Repeat for each database you want to use in a WebLogic datasource.
See the Oracle Database Advanced Security Administrator's Guide for more information about using autologin and maintaining Wallet passwords.
Use the following procedures to configure a WebLogic Server datasource to use Oracle Wallet:
Copy the Wallet files, cwallet.sso and ewallet.p12, from the database machine to the client machine and locate it in a secure directory.
Use the following steps to configure a WebLogic datasource to use Oracle Wallet:
Do not enter a user or password in the Administration Console when creating a datasource or delete them from an existing datasource. If a user, password, or encrypted password appear in the configuration, they override the Oracle wallet values.
Modify the URL so that there is a ”/” before the ”@”. For example: the short form of the URL should look like jdbc:oracle:thin:/@mydburl:1234/mydb).

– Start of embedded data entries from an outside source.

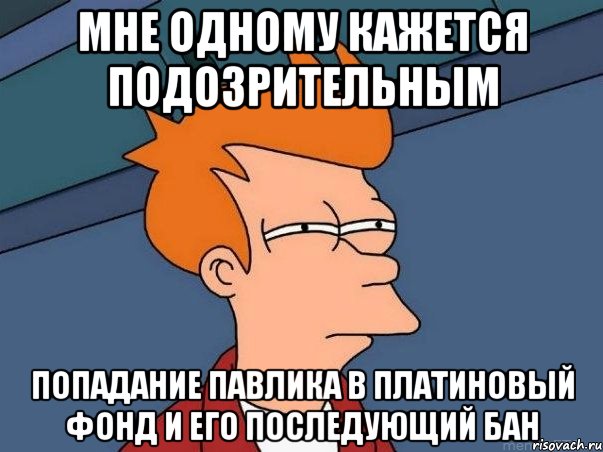 мне одному кажется подозрительным попадание Павлика в платиновый фонд и его последующий бан, Мем  Фрай (мне кажется или)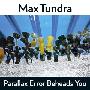 Max Tundra -(Parallax Error Beheads You)[MP3]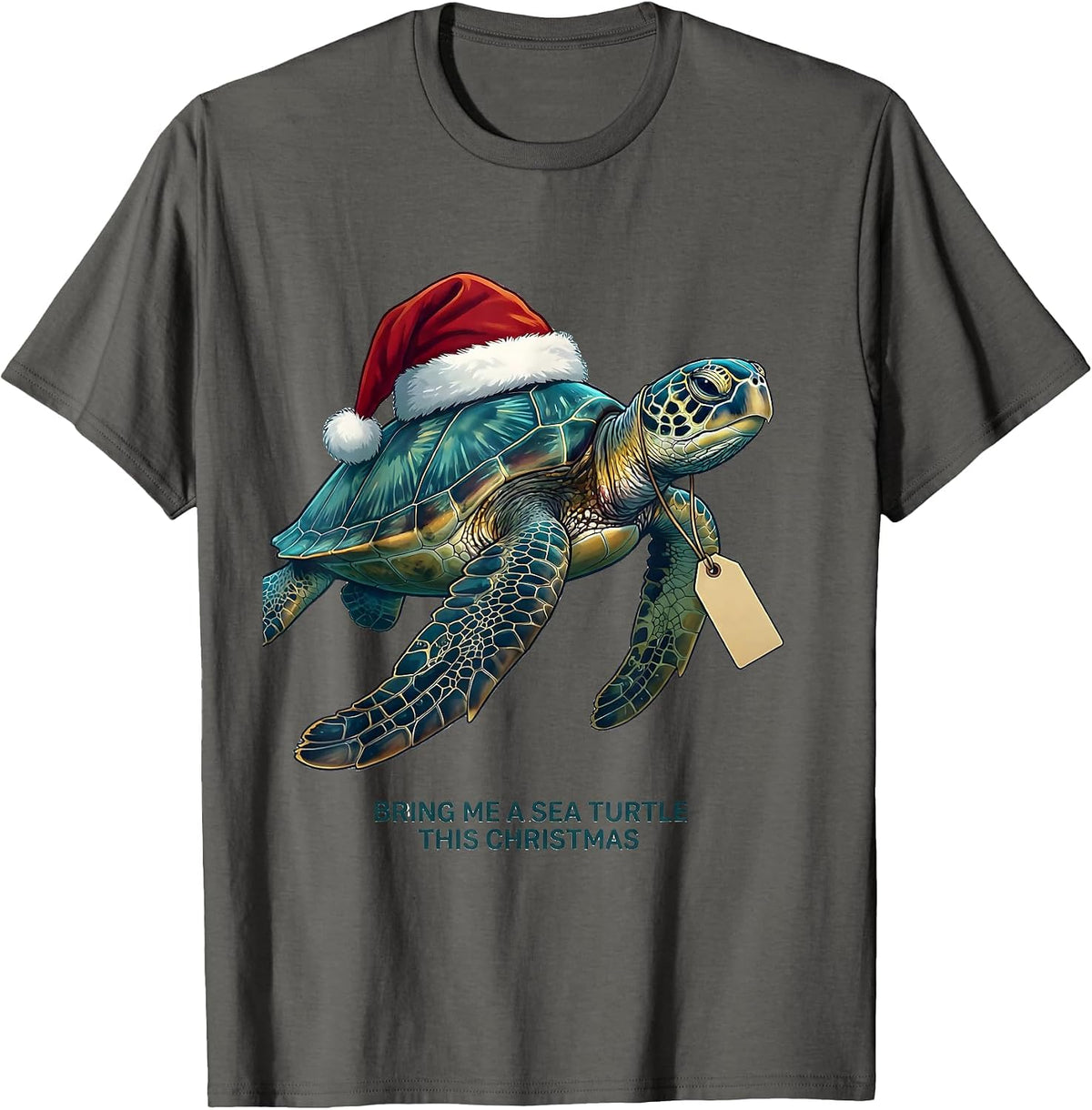 Bring Me A Sea Turtle This Christmas Whimsical Sea Turtle T-Shirt - Asphalt Grey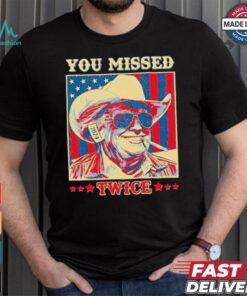 Western Trump Cowboy You Missed Twice T Shirt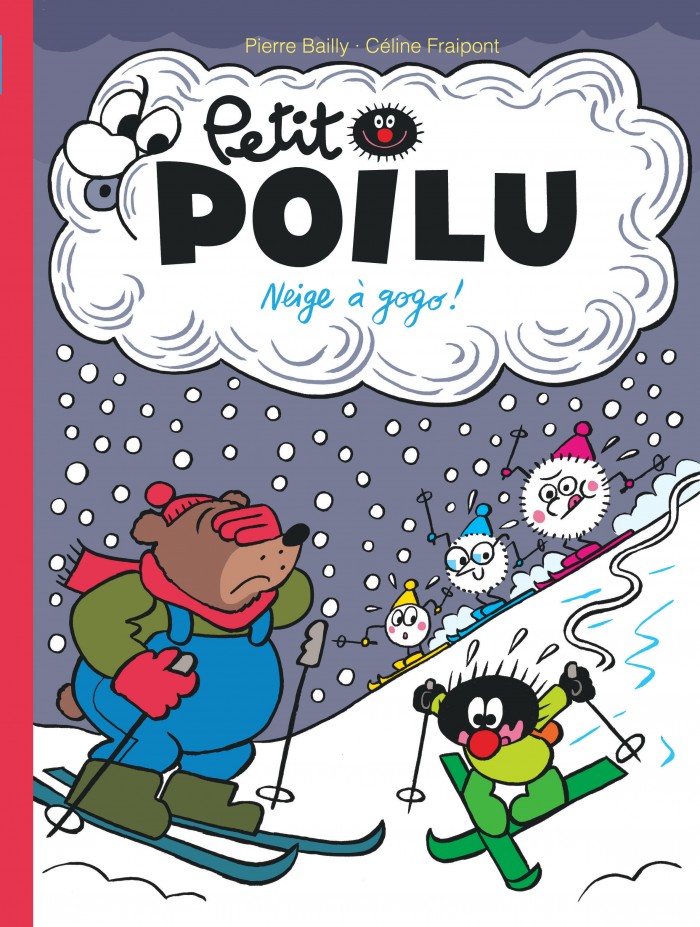 Petit Poilu Tome 34 - Neige à gogo !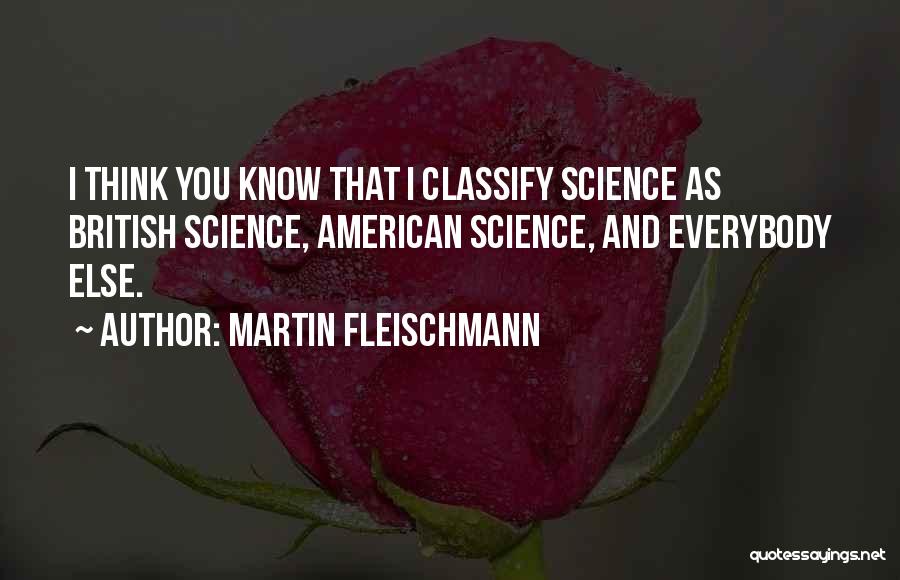 Martin Fleischmann Quotes 1992271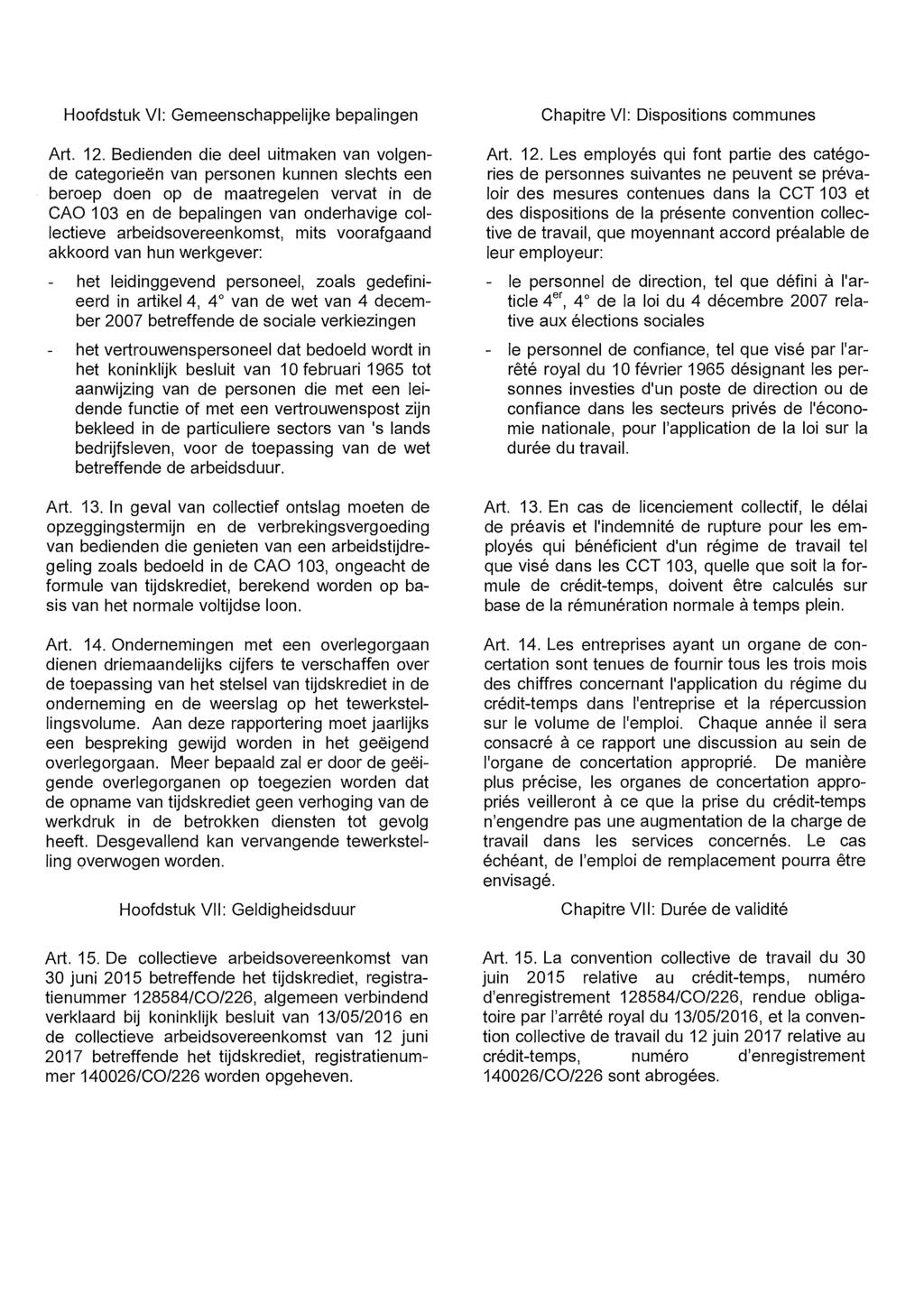 Hoofdstuk VI: Gemeenschappelijke bepalingen Chapitre VI: Dispositions communes Art. 12.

The following value must be added to Connection Properties:
oracle.net.wallet_location=wallet_directory
where wallet_directory is the secure directory location in Step 1 of Copy the Wallet Files. An alternative method is use the -Doracle.net.wallet_location system property and add it to JAVA_OPTIONS. Oracle recommends using the connection property.
Instead of specifying a matching database connection string in the URL and in the Oracle Wallet, you can create an alias to map the URL information. The connection string information is stored in tnsnames.ora file with an associated alias name. The alias name is then used both in the URL and the Wallet.
Specify the system property -Doracle.net.tns_admin=tns_directory where tns_directory is the directory location of the tnsnames.ora file.
Note:
Do not use thetns_directory location as a connection property.Create or modify a tnsnames.ora file in the directory location specified by tns_directory. The entry has the form:
alias=(DESCRIPTION=(ADDRESS=(PROTOCOL=TCP)(HOST=host)(PORT=port))(CONNECT_DATA=(SERVICE_NAME=service)))
Where host is URL of a database listener, port is the port a database listener, and service is the service name of the database you would like to connect to.
There are additional attributes that can be configured, see "Local Naming Parameters (tnsnames.ora)" in the Database Net Services Reference. Oracle recommends that the string be entered on a single line.
Use the alias in the datasource definition URL by replacing the connection string with the alias. For example, change the URL attribute in the Connection Pool tab of the Administrative Console to jdbc:oracle:thin:/@alias.
Once created, it should not be necessary to modify the alias or the datasource definition again. To change the user credential, update the Wallet. To change the connection information, update the tnsnames.ora file. In either case, the datasource must be re-deployed. The simplest way to redeploy a datasource is to untarget and target the datasource in the Administration Console. This configuration is supported for Oracle release 10.2 and higher drivers.